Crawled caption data
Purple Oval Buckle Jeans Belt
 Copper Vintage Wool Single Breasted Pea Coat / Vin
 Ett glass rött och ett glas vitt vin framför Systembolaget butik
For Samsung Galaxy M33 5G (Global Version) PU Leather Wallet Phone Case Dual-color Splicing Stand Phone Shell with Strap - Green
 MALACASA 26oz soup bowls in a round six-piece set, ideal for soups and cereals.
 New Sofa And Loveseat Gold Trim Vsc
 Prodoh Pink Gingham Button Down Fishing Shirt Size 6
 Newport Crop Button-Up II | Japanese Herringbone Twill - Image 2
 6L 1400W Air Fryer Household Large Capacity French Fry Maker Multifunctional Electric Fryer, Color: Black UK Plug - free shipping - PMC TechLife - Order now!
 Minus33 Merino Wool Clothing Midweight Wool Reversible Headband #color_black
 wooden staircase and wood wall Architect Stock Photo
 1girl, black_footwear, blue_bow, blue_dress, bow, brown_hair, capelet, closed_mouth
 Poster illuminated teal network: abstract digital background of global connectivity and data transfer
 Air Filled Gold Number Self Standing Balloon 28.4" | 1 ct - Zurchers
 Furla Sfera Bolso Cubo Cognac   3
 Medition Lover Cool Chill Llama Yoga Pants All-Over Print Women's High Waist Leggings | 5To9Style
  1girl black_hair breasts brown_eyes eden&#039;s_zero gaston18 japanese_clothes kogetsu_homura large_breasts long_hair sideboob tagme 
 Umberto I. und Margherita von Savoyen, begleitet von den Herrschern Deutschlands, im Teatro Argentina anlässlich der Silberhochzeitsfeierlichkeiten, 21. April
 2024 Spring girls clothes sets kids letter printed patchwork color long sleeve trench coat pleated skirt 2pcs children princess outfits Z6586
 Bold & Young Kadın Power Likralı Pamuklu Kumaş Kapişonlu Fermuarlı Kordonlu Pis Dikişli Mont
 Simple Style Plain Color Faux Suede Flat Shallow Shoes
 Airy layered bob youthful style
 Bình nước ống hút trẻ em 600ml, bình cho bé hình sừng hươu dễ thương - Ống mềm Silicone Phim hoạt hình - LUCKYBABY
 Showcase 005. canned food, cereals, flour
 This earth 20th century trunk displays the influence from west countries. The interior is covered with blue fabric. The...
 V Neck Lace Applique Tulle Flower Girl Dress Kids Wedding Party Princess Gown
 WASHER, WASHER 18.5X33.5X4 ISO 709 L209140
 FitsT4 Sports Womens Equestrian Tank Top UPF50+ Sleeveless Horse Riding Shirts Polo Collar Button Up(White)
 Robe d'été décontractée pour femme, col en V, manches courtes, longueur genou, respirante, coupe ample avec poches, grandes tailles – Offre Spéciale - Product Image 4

WHAT TO PRODUCE:
Begin with the line containing "FitsT4 Sports Womens" and repeat each line exactly until the records above end.

RESULT OF THIS TASK:
 FitsT4 Sports Womens Equestrian Tank Top UPF50+ Sleeveless Horse Riding Shirts Polo Collar Button Up(White)
 Robe d'été décontractée pour femme, col en V, manches courtes, longueur genou, respirante, coupe ample avec poches, grandes tailles – Offre Spéciale - Product Image 4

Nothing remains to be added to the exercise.